In somewhat gentler terms, Mr. Trump told Mr. Abe that the United States was seeking a new kind of trade relationship. Though he praised the Japanese economy, the president added, “I don’t know if it’s as good as ours. I think not, O.K.?” he said, shooting Mr. Abe a gimlet-eyed glance. “And we’re going to try to keep it that way, and you’ll be second.”
Still, Mr. Trump also showed a keen appreciation of the domestic politics of his host. At Mr. Abe’s behest, the president met with the families of Japanese people kidnapped by North Korea, an issue that has deep political resonance among Japanese.
At the news conference, Mr. Trump likened the plight of these families to that of the family of Otto Warmbier, the American college student who was imprisoned in North Korea for 17 months and died a few days after being returned to the United States in a coma-like state.
Whether by design or otherwise, Mr. Trump, who has repeatedly rejected the idea of direct negotiations with North Korea over curbing its nuclear program, seemed to suggest his stance could change if Mr. Kim returned the Japanese people his regime had abducted. North Korea has said that most of the abductees are dead.
“Now the spotlight is on, and perhaps we could have some very good luck, and perhaps the regime itself would send them back,” Mr. Trump said. “I think it would be a tremendous signal if Kim Jong-un would send them back. If he would send them back that would be the start of something — I think it would be just something very special if they would do that.”
Mr. Abe, for his part, played to his guest’s appetite for ceremony — and spontaneity. As the two leaders strolled to lunch in a private dining room overlooking a koi pond, they were each given a wooden box of fish food and a spoon. After a few moments of delicately spooning the flakes into the pond, a restless Mr. Abe tossed in the remains of his box, leading Mr. Trump to dump his, too.
Mr. Trump and Mr. Abe then took seats at a long, low table on a floor covered with straw tatami mats. At the news conference, the prime minister referred repeatedly to Mr. Trump by his first name, Donald, recounting their meetings at Trump Tower and Mar-a-Lago, the president’s Florida estate, and a dinner here on Sunday so enjoyable that he said they lost track of time.
“How many hours of dialogue have we had?” Mr. Abe asked. “I believe there have been never been such close bonds.”
Mr. Abe reacted mildly to reports in the Japanese media — which Mr. Trump implicitly confirmed during the news conference — that Mr. Trump was dismayed by Japan’s decision not to shoot down missiles North Korea fired over Japanese territory in August and September. The missiles flew over the island of Hokkaido before landing harmlessly in the sea.
In conversations with other Asian leaders, a senior American official said, Mr. Trump asked why a country of “samurai warriors” did not shoot down the missiles, which the North Koreans launched in defiance of United Nations Security Council resolutions.
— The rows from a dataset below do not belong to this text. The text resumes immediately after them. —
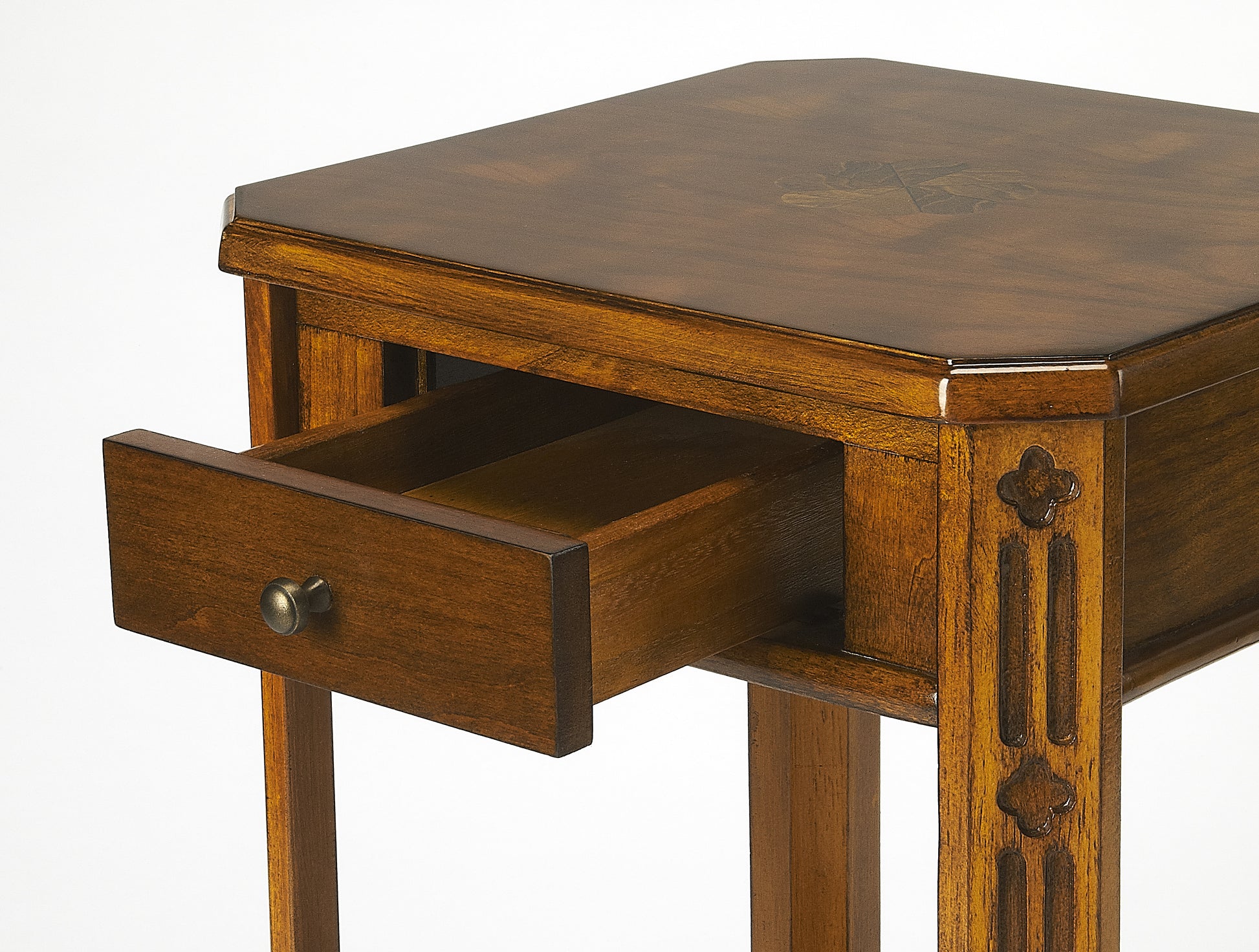 Butler Specialty Company Moyer 15 in. W Square Wood 1 Drawer Side Table with Lower Open Shelf, Medium Brown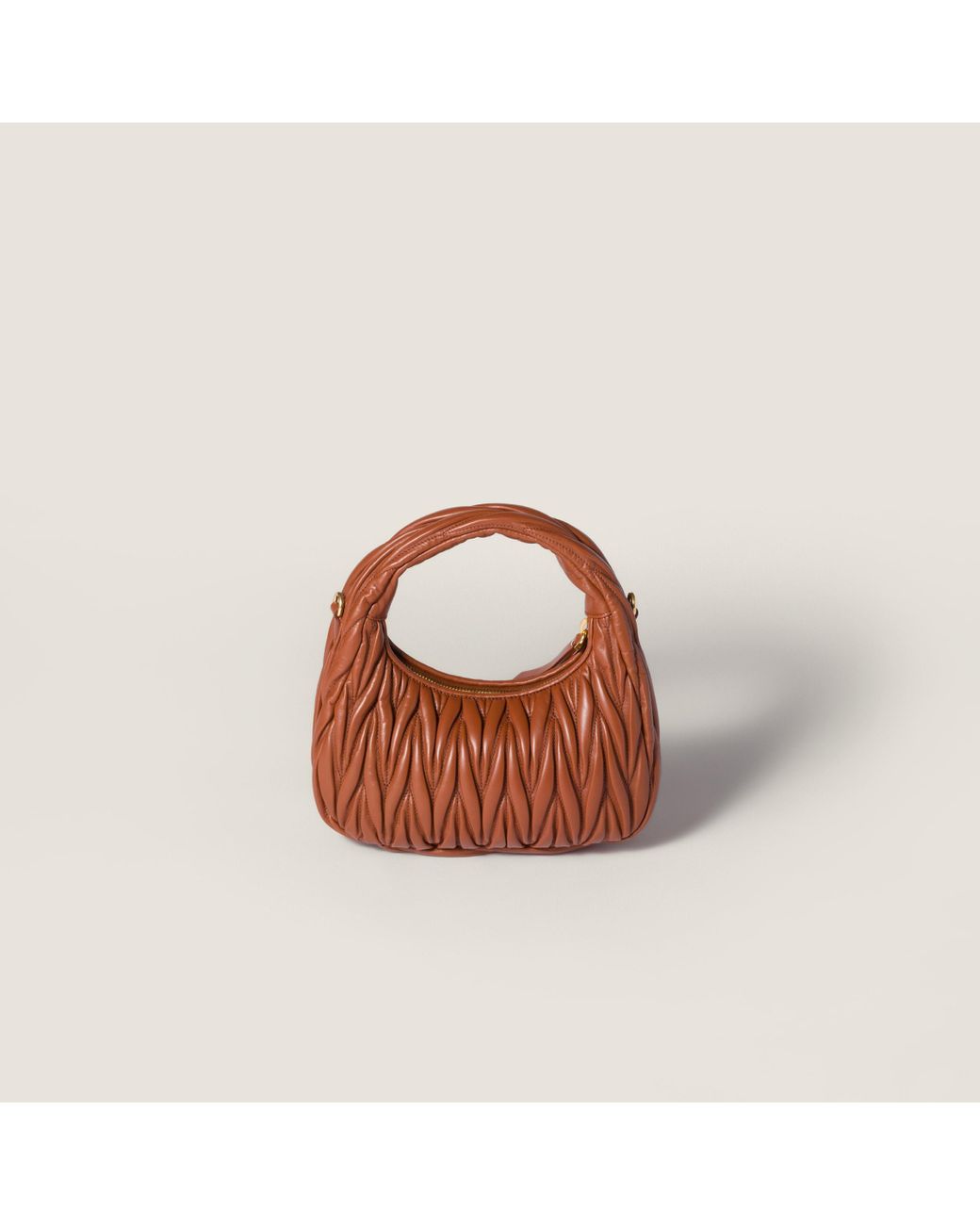 Miu Miu Brown Matelassé Zipped Handbag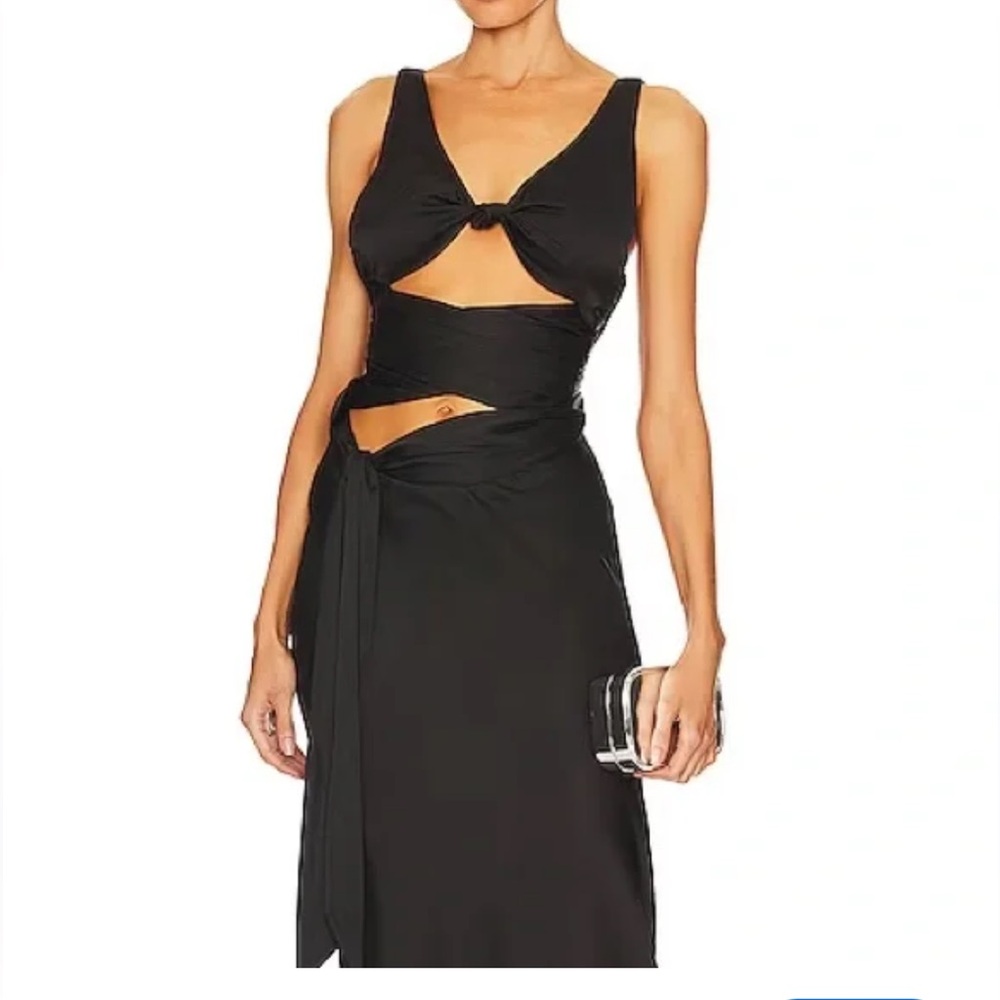$315 Danielle Guizio NY Black Sainte Cut-out Ruched Maxi Dress Size Medium - Picture 2 of 10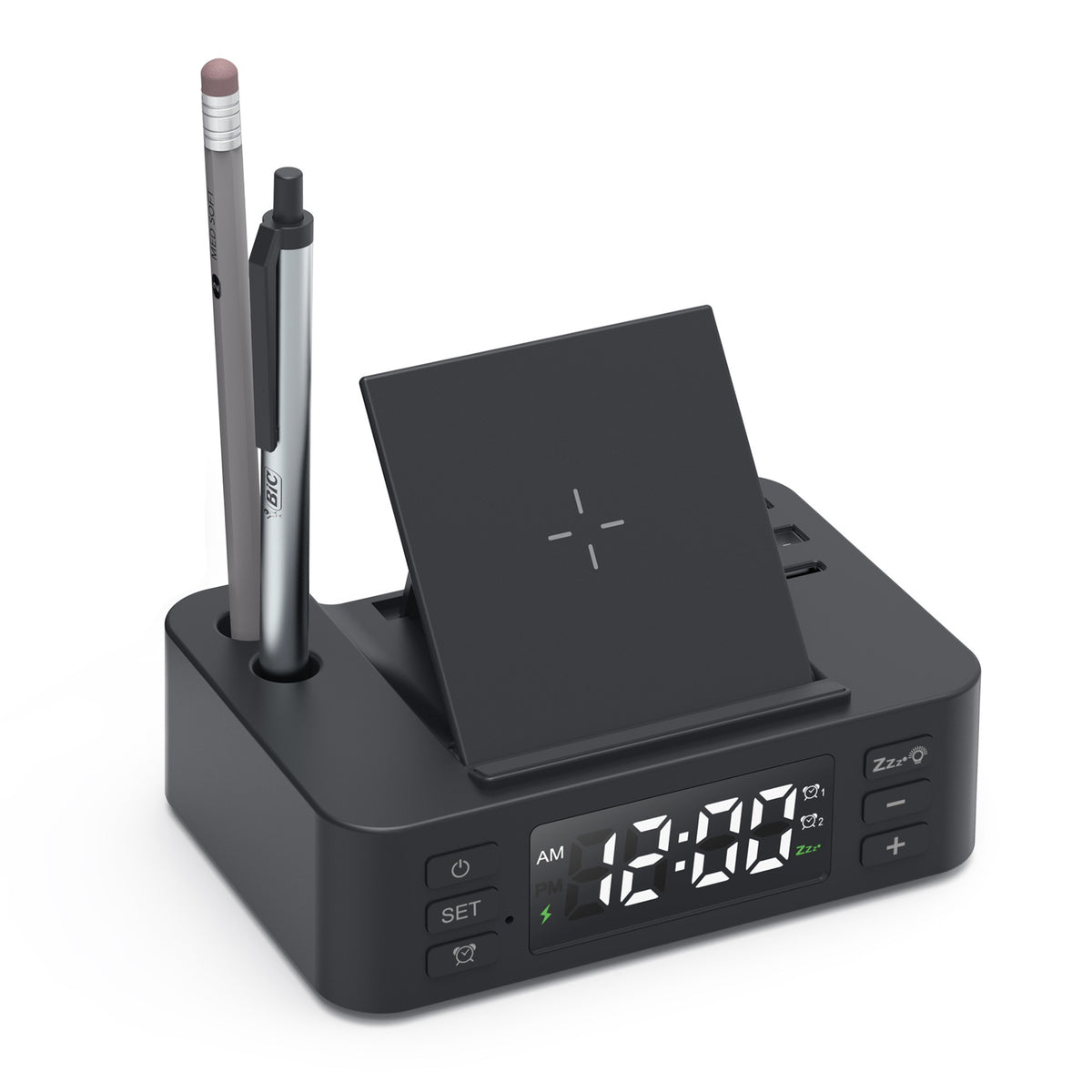 Chargeur sans fil 15 W avec horloge et pot à crayons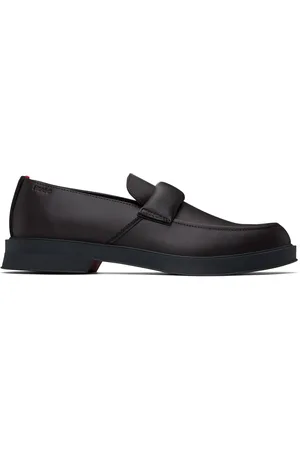 HUGO BOSS Flâneurs bruns à logo gaufré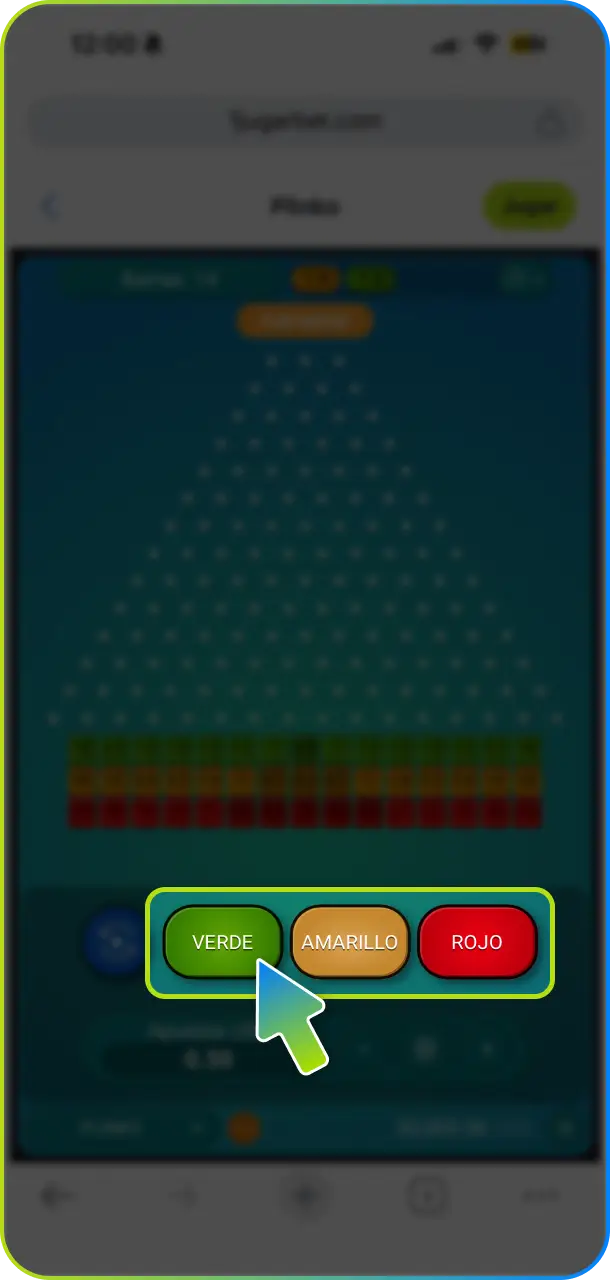 Selecciona tu riesgo ideal para personalizar cada ronda de Plinko en Jugabet.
Mr. Trump did not directly address the issue on Monday, though he noted that over the weekend an American antimissile system had shot down a missile fired on Saudi Arabia by Houthi rebels in Yemen.
Japan had tracked the missiles North Korea fired over Japan, Mr. Abe said, and would have shot them down if they had posed a threat to Japanese citizens.
Japan’s American-made missile defense systems would have enabled it to shoot down the missile that flew over Hokkaido on Aug. 29, though not a subsequent one tested on Sept. 15. It is also possible Japan could have missed if it tried to shoot the missiles down, which would have been an acute embarrassment.
Legally, the question is even more complicated. Japan can only intercept a missile if its citizens are in danger or if there is an attack on an allied country that could jeopardize Japan’s security, said Noboru Yamaguchi, professor of international relations at the International University of Japan in Niigata.
Since North Korea has so far only conducted missile tests — as opposed to launching missiles armed with live warheads — Japan does not have the legal right to intercept them. Moreover, said Mr. Yamaguchi who is a retired lieutenant general in Japan’s military, known as the Self-Defense Forces, the prime minister would need approval from Japan’s Parliament for any such action.
Mr. Yamaguchi dismissed Mr. Trump’s reference to samurai warriors as a caricature. “Samurais are quiet up until the last moment,” he said. “And at the last moment, samurais do things decisively.”